Nichts eignet sich besser dafür, seine Liebe zum Verein auszudrücken, als das passende Trikot. Niemand weiß das besser als Christian Michalkiewicz. Mehrere Hundert Original-HSV-Trikots hängen in seinem Schrank, darunter auch ein Klassiker aus der legendären Europapokalnacht von Athen.

Text Alex Raack ~ Fotos Felix Schmitt

Am späten Abend jenes unvergessenen 25. Mai 1983, als der Hamburger SV gerade im Finale von Athen 1:0 gegen Juventus Turin gewonnen hatte und damit zur besten Mannschaft in Europa aufgestiegen war, machte sich ein Mann auf, den wichtigsten Pokal seiner Karriere entgegenzunehmen. Horst Hrubesch, Naturgewalt im Sturmzentrum, hatte im Endspiel zwar nicht getroffen, aber als Kapitän seine Mannschaft zum größten Erfolg in der Vereinsgeschichte geführt. Vielleicht gibt es in der Historie des HSV keinen ikonischeren Moment als jene Szene, wie Horst Hrubesch den silbernen Pokal in den Abendhimmel des Olympiastadions streckt.

Momente wie diese sind auch deshalb so schön, weil sie einzigartig sind. Kaum hatte Hrubesch den Pokal in die Höhe gestreckt, kaum hatte der HSV tatsächlich den Favoriten aus Italien bezwungen, war der Moment, war dieser Abend auch schon wieder vorbei. Was bleibt, sind die Erinnerungen daran. Und weil der Mensch nicht allein vom reinen Gedanken leben kann, klammert er sich gern an handfeste Dinge, die für immer mit diesen großen Momenten in Verbindung gebracht werden. Für ein Originalticket vom Endspiel bezahlt man bei Ebay mehr als 150 Euro, es gibt T-Shirts und Schals, die diesen Tag verewigt haben.
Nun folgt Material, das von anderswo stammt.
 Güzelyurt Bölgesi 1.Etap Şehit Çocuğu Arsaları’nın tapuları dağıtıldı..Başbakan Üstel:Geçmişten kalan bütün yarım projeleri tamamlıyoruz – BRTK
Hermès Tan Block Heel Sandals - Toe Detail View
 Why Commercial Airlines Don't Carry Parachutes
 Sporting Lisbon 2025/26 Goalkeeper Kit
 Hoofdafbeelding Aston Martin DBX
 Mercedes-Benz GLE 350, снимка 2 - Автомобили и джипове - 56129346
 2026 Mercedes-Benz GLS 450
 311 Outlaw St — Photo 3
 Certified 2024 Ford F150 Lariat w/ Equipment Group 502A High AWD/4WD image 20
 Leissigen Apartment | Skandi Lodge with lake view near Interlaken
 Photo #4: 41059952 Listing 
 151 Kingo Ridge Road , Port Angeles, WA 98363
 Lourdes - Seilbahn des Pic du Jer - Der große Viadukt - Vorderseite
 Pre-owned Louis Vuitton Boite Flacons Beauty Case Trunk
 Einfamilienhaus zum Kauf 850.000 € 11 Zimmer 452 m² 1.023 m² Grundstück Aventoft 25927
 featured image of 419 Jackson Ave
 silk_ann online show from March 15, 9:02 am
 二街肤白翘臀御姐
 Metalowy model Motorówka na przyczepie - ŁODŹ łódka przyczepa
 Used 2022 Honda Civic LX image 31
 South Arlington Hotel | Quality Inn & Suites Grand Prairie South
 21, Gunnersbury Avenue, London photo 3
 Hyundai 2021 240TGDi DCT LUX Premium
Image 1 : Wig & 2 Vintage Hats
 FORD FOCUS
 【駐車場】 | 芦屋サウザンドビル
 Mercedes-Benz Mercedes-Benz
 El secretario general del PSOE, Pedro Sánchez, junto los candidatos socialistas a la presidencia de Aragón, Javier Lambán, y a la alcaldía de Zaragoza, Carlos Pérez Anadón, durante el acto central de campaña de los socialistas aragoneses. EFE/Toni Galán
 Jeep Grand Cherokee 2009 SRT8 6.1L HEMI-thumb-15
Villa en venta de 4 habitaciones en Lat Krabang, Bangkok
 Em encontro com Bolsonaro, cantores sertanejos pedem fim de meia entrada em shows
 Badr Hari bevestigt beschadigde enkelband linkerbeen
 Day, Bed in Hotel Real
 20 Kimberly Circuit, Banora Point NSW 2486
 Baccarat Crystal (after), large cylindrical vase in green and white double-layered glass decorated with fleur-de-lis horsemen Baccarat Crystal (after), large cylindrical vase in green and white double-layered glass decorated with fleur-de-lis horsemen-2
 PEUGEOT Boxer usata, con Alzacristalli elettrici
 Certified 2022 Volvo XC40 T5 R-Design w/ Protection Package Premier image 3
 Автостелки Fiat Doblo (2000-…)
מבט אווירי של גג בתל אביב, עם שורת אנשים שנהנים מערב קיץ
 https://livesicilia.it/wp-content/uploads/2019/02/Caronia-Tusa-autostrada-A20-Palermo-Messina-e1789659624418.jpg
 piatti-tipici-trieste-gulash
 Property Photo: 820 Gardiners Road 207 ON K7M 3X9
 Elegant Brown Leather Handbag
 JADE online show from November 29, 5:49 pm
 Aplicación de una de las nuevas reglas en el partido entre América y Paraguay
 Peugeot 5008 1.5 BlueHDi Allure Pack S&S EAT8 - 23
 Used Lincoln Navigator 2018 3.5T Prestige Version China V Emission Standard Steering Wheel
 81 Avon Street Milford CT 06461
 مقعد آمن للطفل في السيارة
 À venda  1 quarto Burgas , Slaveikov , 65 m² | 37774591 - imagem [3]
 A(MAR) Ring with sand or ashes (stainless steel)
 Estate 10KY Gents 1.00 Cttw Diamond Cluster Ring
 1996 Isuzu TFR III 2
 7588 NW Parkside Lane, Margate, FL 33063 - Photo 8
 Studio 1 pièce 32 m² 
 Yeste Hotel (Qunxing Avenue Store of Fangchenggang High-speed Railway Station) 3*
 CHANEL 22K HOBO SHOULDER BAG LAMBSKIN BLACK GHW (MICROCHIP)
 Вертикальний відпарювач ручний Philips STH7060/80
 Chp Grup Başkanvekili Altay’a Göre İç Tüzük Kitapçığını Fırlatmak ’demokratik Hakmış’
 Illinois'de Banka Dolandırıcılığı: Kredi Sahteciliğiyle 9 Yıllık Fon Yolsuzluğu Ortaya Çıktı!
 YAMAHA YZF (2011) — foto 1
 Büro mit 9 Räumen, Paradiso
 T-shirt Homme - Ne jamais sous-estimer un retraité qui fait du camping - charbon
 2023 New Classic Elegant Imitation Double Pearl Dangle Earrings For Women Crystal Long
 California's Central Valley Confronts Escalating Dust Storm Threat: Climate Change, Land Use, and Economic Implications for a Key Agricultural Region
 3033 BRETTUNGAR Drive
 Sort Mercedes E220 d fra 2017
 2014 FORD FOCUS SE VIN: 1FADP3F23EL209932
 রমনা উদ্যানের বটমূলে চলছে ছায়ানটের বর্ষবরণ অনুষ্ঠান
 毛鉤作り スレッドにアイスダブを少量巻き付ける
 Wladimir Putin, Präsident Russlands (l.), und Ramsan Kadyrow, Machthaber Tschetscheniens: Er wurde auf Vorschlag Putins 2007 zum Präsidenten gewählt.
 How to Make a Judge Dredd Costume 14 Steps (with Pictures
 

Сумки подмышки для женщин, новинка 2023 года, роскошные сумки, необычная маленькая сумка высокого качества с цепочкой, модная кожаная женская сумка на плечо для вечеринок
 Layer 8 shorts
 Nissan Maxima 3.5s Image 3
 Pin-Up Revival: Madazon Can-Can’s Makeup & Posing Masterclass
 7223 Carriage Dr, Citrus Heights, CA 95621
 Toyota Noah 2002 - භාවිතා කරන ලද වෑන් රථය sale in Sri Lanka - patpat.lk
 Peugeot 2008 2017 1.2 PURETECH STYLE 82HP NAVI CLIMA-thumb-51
Aber das wichtigste Erinnerungsstück wurde zur Legende. Als Felix Magath in der neunten Minute mit einem wunderschönen Kunstschuss das Tor des Tages erzielte, tat er das in ganz besonderer Arbeitskleidung: rote Stutzen, rote Hose mit weißen Adidas-Streifen und vor allem ein rotes Baumwolltrikot von Adidas, weiße Streifen auf den Schultern, weiße Nadelstreifen, weiße Rückennummer, HSV-Raute über dem Herzen und vorn in der Brustmitte statt des üblichen Emblems von Sponsor BP drei Buchstaben ganz in Weiß: H S V.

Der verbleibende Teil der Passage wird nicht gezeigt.